Apple Silicon's unified memory architecture fundamentally changes local LLM economics: CPU, GPU, and memory share the same pool, so a Mac Studio with 192GB unified memory can run models that would require two A100s on a PC. The catch is bandwidth — Apple Silicon memory is slower per byte than GDDR6X, so tokens-per-second lags dedicated GPUs on models that fit in VRAM.

  • Use MLX, not Ollama, for maximum performance — Apple's MLX framework achieves 6–10x the throughput of Ollama for the same model on the same hardware. On M2 Ultra, MLX sustains ~230 tok/s versus Ollama's 20–40 tok/s. Install via pip install mlx-lm.
  • M1/M2 Base (8GB) — Same as Entry GPU tier above. 7–9B models at Q4_K_M.
  • M2 Pro / M3 (16–24GB) — Qwen3 14B or GPT-OSS 20B at Q4_K_M. Run mlx_lm.generate for best speed.
  • M3 Max (64–96GB) / M4 Max — Run Qwen3 30B-A3B at full Q8_0 quality, or Llama 3.3 70B / Qwen2.5 72B at Q4_K_M (8–15 tok/s). Slow but the only single-device consumer option for 70B-class models without spending $10K+ on datacenter GPUs.
  • M2 Ultra / M3 Ultra (128–192GB) — Run 70B models at Q8_0 for near-full quality. Sustained inference at 15–25 tok/s. Best fully-offline option for teams needing 70B quality without cloud API costs.
  • Top model picks for Apple Silicon — Qwen3 14B (daily driver), Llama 3.3 70B (max quality on 96GB+), DeepSeek-R1 distills (reasoning on any tier).

Quantization Guide

Quantization reduces model precision to fit larger models in less memory. The naming convention (Q4_K_M, Q5_K_M, Q8_0) refers to bits per weight and the quantization algorithm. Here's what each level means in practice:

Format Bits/Weight Size vs FP16 Quality Loss Best Use Case
Q4_K_M 4-bit (mixed) ~25% of FP16 Low (<2% on most benchmarks) Default for most users; best memory-quality tradeoff
Q5_K_M 5-bit (mixed) ~31% of FP16 Very low (<1%) When you have ~25% more VRAM to spare; coding and math tasks
Q6_K 6-bit ~38% of FP16 Minimal Near-FP16 quality when memory allows; good for Apple Silicon
Q8_0 8-bit ~50% of FP16 Negligible Maximum local quality; use when you have the memory
IQ2_XXS ~2.5-bit ~16% of FP16 Significant Extreme RAM constraints only; quality noticeably degraded

Recommendation: Start with Q4_K_M — it is the memory efficiency gold standard and what Ollama pulls by default.
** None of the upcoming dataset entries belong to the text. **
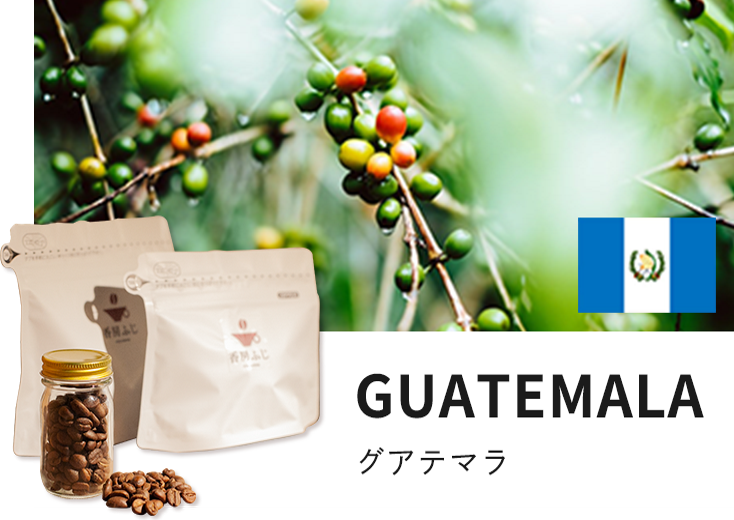 ふじ珈琲 自家焙煎 グアテマラ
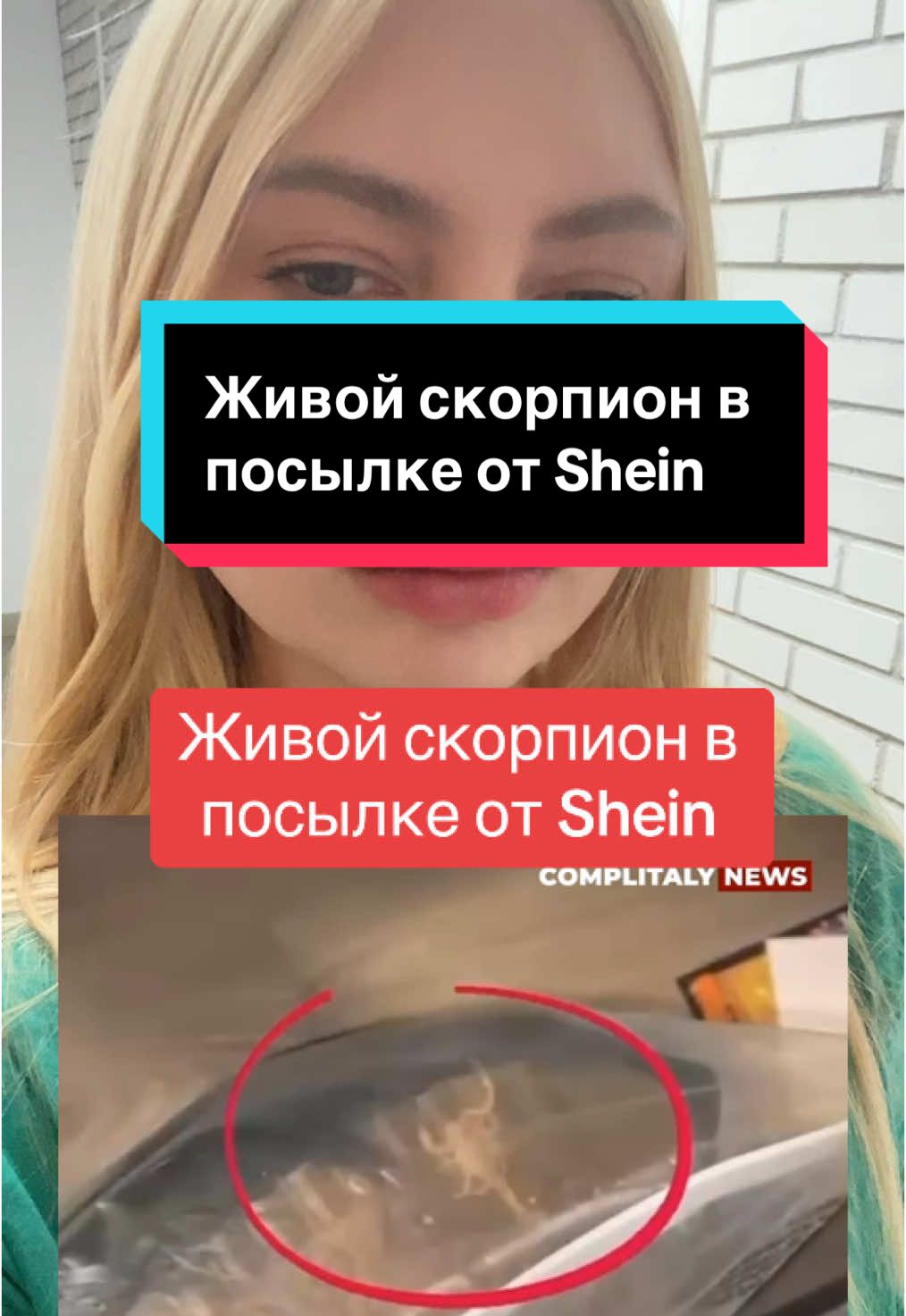 Живой скорпион в посылке от Shein #берегитесебя #шеин #скорпион #shein #sheinscorpion #украина🇺🇦 #украинцы #рекомендации✅ #беженцыизукраины #врек #украина #украинцывамерике #украинцыповсемумиру #украинцывгермании #украинцывпольше #беженцывгермании #беженцывпольше #русскиевгермании 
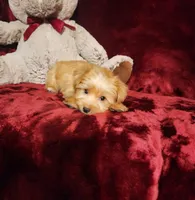 TUCKER , a male Yorkshire Terrier for sale in Polk City, FL – 5 of 10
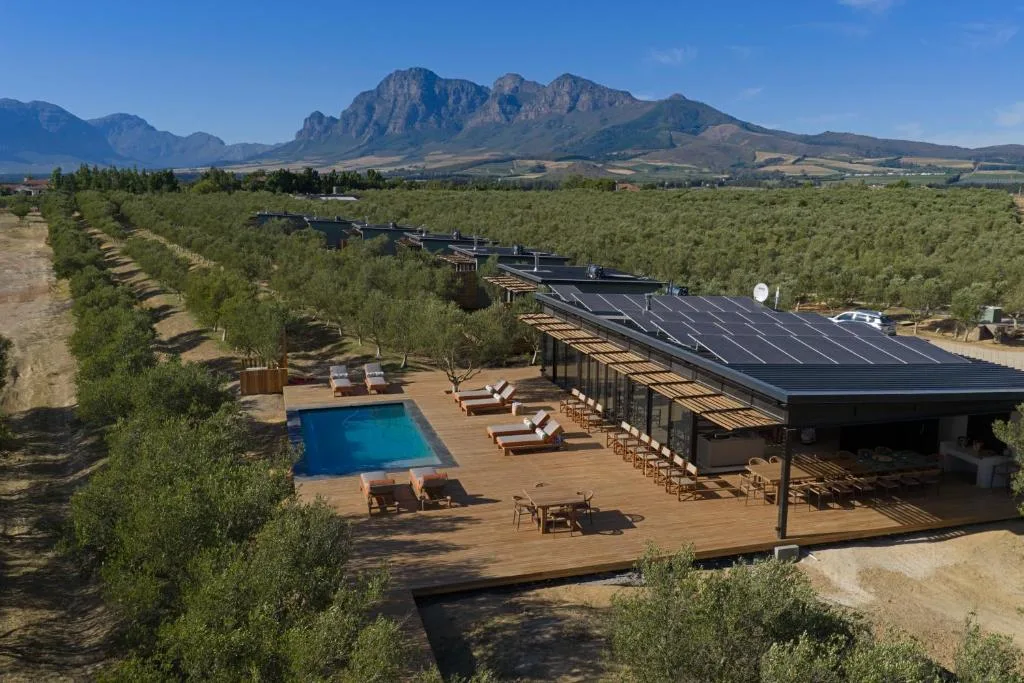 Olijvenkraal Winelands Lodge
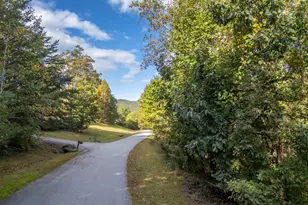 100 Pardo Rd, Landrum, SC 29356 - Photo 9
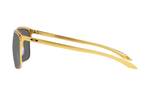 Oakley Sunglasses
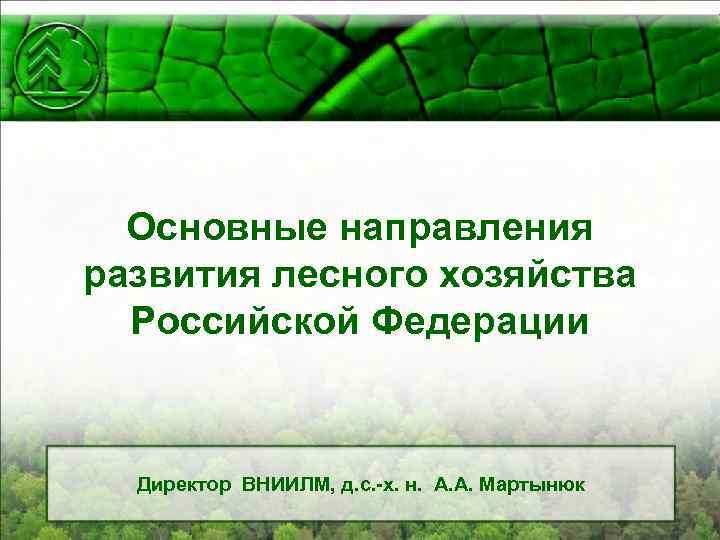Основные направления развития лесного хозяйства Российской Федерации Директор ВНИИЛМ, д. с. -х. н. А.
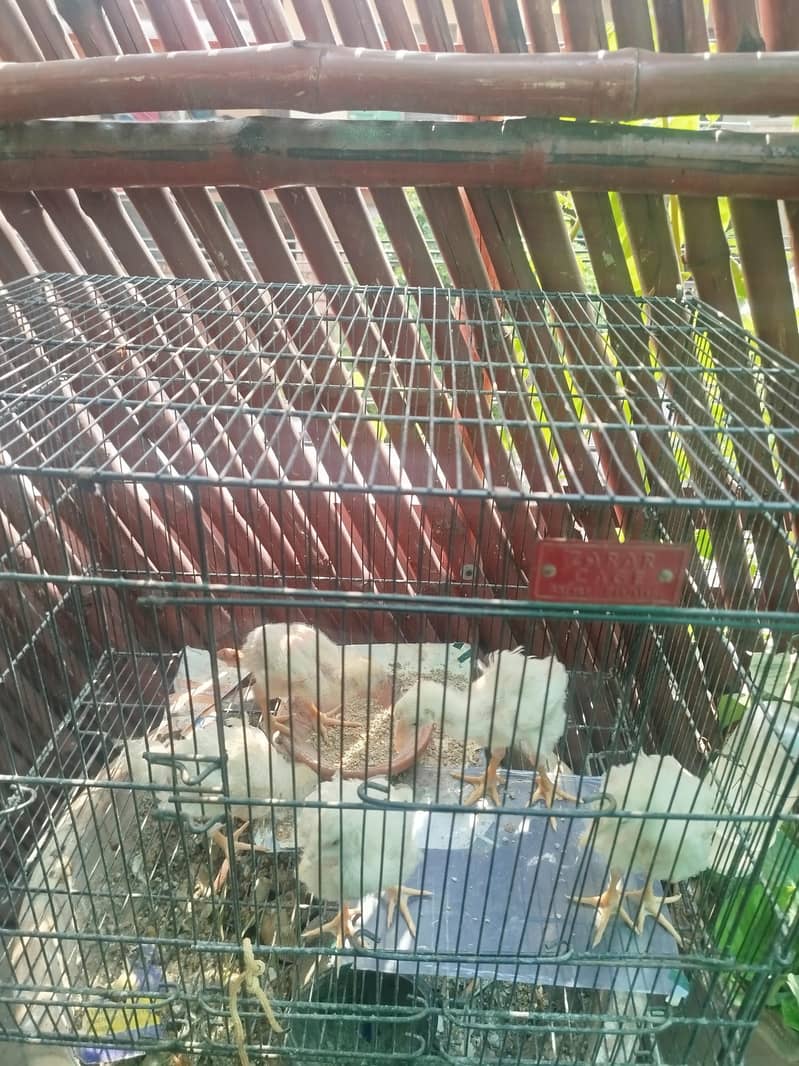 Broiler Chicks 5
Move to Q5_K_M for coding or math tasks if you have headroom. Use Q8_0 only on Apple Silicon or when running a model well within your VRAM limit.

Ollama

  • The easiest way to get started. One command installs and runs any model: ollama run qwen3:14b.
  • Runs a local REST API on port 11434 — compatible with OpenAI SDK (set base URL to http://localhost:11434/v1).
  • Model library at ollama.com; handles quantization selection automatically with the :Q4_K_M tag suffix.
  • Best for: beginners, quick prototyping, running models as a background service.

LM Studio

  • GUI application for Windows, Mac, and Linux. Download models from Hugging Face with a visual browser; no terminal required.
  • Built-in chat interface plus local OpenAI-compatible server mode.
  • Best for: non-technical users, teams wanting a polished UI, Windows users who prefer GUI tools.

llama.cpp

  • The underlying inference engine used by both Ollama and LM Studio. Running it directly gives maximum control: custom quantization, KV cache settings, speculative decoding, and server configuration.
  • Supports CUDA, Metal (Apple), ROCm (AMD), and Vulkan backends.
  • Best for: advanced users, production deployments, maximizing performance on specific hardware.

MLX / mlx-lm (Apple Silicon only)

  • Apple's open-source framework for GPU-accelerated ML on Apple Silicon. 6–10x faster than Ollama for the same model on the same Mac.
  • Install: pip install mlx-lm. Run: mlx_lm.generate --model mlx-community/Qwen3-14B-4bit --prompt "Hello".
  • Best for: any Mac user serious about local inference speed.